3 Descriptive Statistics
When you have an area of interest that you want to research, a problem that you want to solve, a relationship that you want to investigate, theoretical and empirical processes will help you.
Estimand is defined as “a quantity of scientific interest that can be calculated in the population and does not change its value depending on the data collection design used to measure it (i.e., it does not vary with sample size and survey design, or the number of non-respondents, or follow-up efforts).” (Rubin 1996)
Estimands include:
- population means
- Population variances
- correlations
- factor loading
- regression coefficients
3.1 Numerical Measures
There are differences between a population and a sample
Measures of | Category | Population | Sample |
---|---|---|---|
- | What is it? | Reality | A small fraction of reality (inference) |
- | Characteristics described by | Parameters | Statistics |
Central Tendency | Mean | \(\mu = E(Y)\) | \(\hat{\mu} = \overline{y}\) |
Central Tendency | Median | 50-th percentile | \(y_{(\frac{n+1}{2})}\) |
Dispersion | Variance | \[\begin{aligned} \sigma^2 &= var(Y) \\ &= E(Y- \mu^2) \end{aligned}\] | \(s^2=\frac{1}{n-1} \sum_{i = 1}^{n} (y_i-\overline{y})^2\) |
Dispersion | Coefficient of Variation | \(\frac{\sigma}{\mu}\) | \(\frac{s}{\overline{y}}\) |
Dispersion | Interquartile Range | difference between 25th and 75th percentiles. Robust to outliers | |
Shape | Skewness Standardized 3rd central moment (unitless) | \(g_1=\frac{\mu_3}{\mu_2^{3/2}}\) | \(\hat{g_1}=\frac{m_3}{m_2sqrt(m_2)}\) |
Shape | Central moments | \(\mu=E(Y)\) \(\mu_2 = \sigma^2=E(Y-\mu)^2\) \(\mu_3 = E(Y-\mu)^3\) \(\mu_4 = E(Y-\mu)^4\) | |
\(m_2=\sum_{i=1}^{n}(y_1-\overline{y})^2/n\) \(m_3=\sum_{i=1}^{n}(y_1-\overline{y})^3/n\) |
Shape | Kurtosis (peakedness and tail thickness) Standardized 4th central moment | \(g_2^*=\frac{E(Y-\mu)^4}{\sigma^4}\) | \(\hat{g_2}=\frac{m_4}{m_2^2}-3\) |
Note:
Order Statistics: \(y_{(1)},y_{(2)},...,y_{(n)}\) where \(y_{(1)}<y_{(2)}<...<y_{(n)}\)
Coefficient of variation: standard deviation over mean. This metric is stable, dimensionless statistic for comparison.

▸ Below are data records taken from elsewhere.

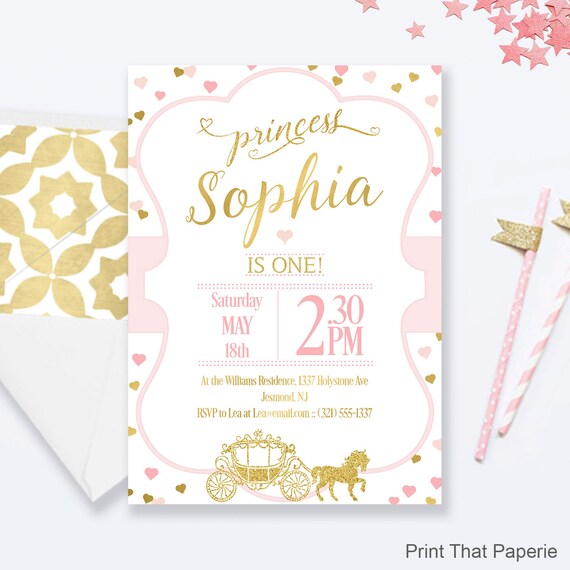 Pink and Gold Birthday Invitation - Pink and Gold Princess Invitation - Pink and Gold Invite - Pink and Gold Princess Hearts Birthday Invite Il_570xn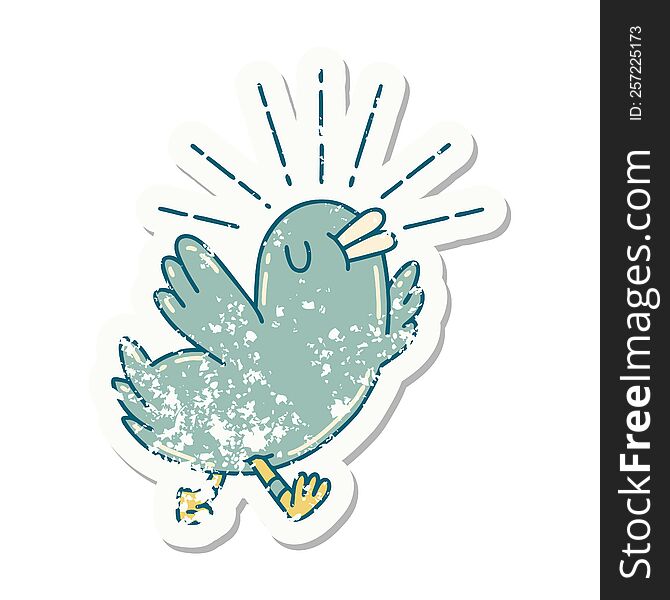 Grunge Sticker Of Tattoo Style Happy Bird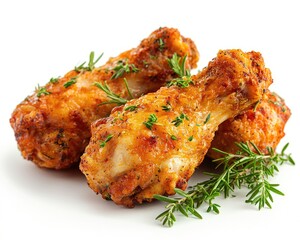 Crispy fried chicken drumsticks with herbs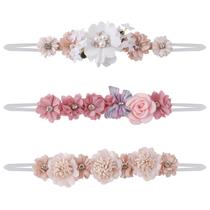 Conjunto de 3 peças de faixa de cabelo BFNAA Girl Baby Floral Elastic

Symmetric: mean = median, skewness = 0
Skewed right: mean > median, skewness > 0
Skewed left: mean < median, skewness < 0
Central moments: \(\mu=E(Y)\) , \(\mu_2 = \sigma^2=E(Y-\mu)^2\) , \(\mu_3 = E(Y-\mu)^3\), \(\mu_4 = E(Y-\mu)^4\)

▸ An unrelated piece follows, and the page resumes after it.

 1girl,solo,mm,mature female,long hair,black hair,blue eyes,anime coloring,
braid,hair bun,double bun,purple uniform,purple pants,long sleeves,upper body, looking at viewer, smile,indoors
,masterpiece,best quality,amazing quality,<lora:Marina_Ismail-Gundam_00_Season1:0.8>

For normal distributions, \(\mu_3=0\), so \(g_1=0\)
-
\(\hat{g_1}\) is distributed approximately as \(N(0,6/n)\) if sample is from a normal population. (valid when \(n > 150\))
- For large samples, inference on skewness can be based on normal tables with 95% confidence interval for \(g_1\) as \(\hat{g_1}\pm1.96\sqrt{6/n}\)
- For small samples, special tables from Snedecor and Cochran 1989, Table A 19(i) or Monte Carlo test
Kurtosis > 0 (leptokurtic) | heavier tail | compared to a normal distribution with the same \(\sigma\) (e.g., t-distribution) |
Kurtosis < 0 (platykurtic) | lighter tail | compared to a normal distribution with the same \(\sigma\) |
-
For a normal distribution, \(g_2^*=3\). Kurtosis is often redefined as: \(g_2=\frac{E(Y-\mu)^4}{\sigma^4}-3\) where the 4th central moment is estimated by \(m_4=\sum_{i=1}^{n}(y_i-\overline{y})^4/n\)
- the asymptotic sampling distribution for \(\hat{g_2}\) is approximately \(N(0,24/n)\) (with \(n > 1000\))
- large sample on kurtosis uses standard normal tables
- small sample uses tables by Snedecor and Cochran, 1989, Table A 19(ii) or Geary 1936
3.2 Graphical Measures
3.2.1 Shape
It’s a good habit to label your graph, so others can easily follow.
data = rnorm(100)
# Histogram
hist(data,labels = T,col="grey",breaks = 12)
# Interactive histogram
pacman::p_load("highcharter")
hchart(data)
# Box-and-Whisker plot
boxplot(count ~ spray, data = InsectSprays,col = "lightgray",main="boxplot")
# Notched Boxplot
boxplot(len~supp*dose, data=ToothGrowth, notch=TRUE,
col=(c("gold","darkgreen")),
main="Tooth Growth", xlab="Suppliment and Dose")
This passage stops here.